Personally, I love our new system that allows us to choose our favorite 5 subs electronically, giving them first preference for our scheduled dates. How COOL!!! Today, I had a planned day off, and got my top choice of subs. She is a regular, who only subs on Mondays and Friday because she teaches adult ed Tuesday through Friday. This gives her that extra umph needed to align middle school attitudes to accomplish the tasks in front of them. She has a great sense of humor, is intelligent and honest. I know she will not create more chaos than she can handle. It made my day off one of pleasure rather than one of intrepidness. I didn't even feel the need to race to school to read her notes this afternoon! I KNOW things went well :)

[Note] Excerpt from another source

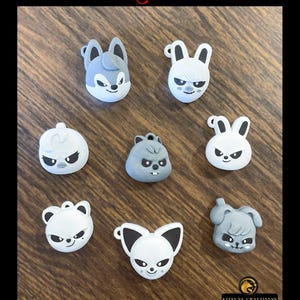 Puede incluir: Una colección de amuletos de personajes grises y blancos con expresiones enfadadas, incluyendo un lobo, conejos y un oso. La palabra "Stray Kids" está en la parte superior y "dominate" en la inferior en fuente gótica roja.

Hats off to all the subs out there... you are ALL appreciated but to the really GREAT subs, were it up to me, I would pay you 10 times what you make now, and you would still be underpaid!!

(special smugs to Barb!!)

Wednesday, December 02, 2009

New Year's Resolutions
Striving for excellence and improvement is a constant uphill battle in all pursuits. Ahead of the dawning of the new year, I want to start contemplating my resolutions for the upcoming year. What are my goals for improving my own teaching, and ultimately the learning of students in my classroom and beyond?
Before I even consider my own classroom, I want to explore more opportunities to share with other teachers, helping them perfect the craft of teaching. It isn't about being better at something than others are, it is about the collective power of sharing and growing together that makes this goal such an important one. Teachers too often teach and learn in isolation, when we need to be constantly exploring how to collaborate and grow together. As we grow as collective learners, we will be better equipped to guide as students in similar pursuits.
In my own classroom, I resolve to strive to teach "like first snow falling" (Taylor Mali) every day, every lesson. Unless I am geeked about the lesson, how do I expect students to get fired up and excited about what they are learning? I need to rejuvenate my own enthusiasm for learning and teaching, finding those key components that made me excited about these topics.
With my students, I must seek out their strengths as if each child were MY child, seeing blindly beyond their faults, to the inner glow, and capitalize on this, making each child feel unique and capable and extraordinary. For some children, this task will be difficult, almost monumental for me, but I must resolve to make this a priority.
I resolve to focus more on the learning, and less on the grades, more on the growth, and less on missing the mark of perfection. By learning more about formative assessment, and actually implementing this learning into my teaching, I can help students become a part of their own growth process, taking individual responsibility for growth and achievement.
Parents are a critical part of school success so I resolve to involve them more and more and more, impressing upon them the integral role of home and school, supporting them in supporting my teaching and school in general. Reaching out to parents of struggling students, giving them tools to support their child, encouraging and praising their efforts, will empower both of us to empower that child to experience success.
On a larger scale, I resolve to be active in the larger scale of education reform, helping the voices of teachers be heard in Washington, forcing policy makers to hear our reasons and our concerns. I will reach beyond the local, into the national arena, speaking loudly myself, supporting others' voices, and make those decision makers realize the crisis in education today is real and must be addressed.
I resolve for 2010 to be a better year in education, in my classroom, in my building, in my district and more importantly, across this nation. I resolve to make a difference.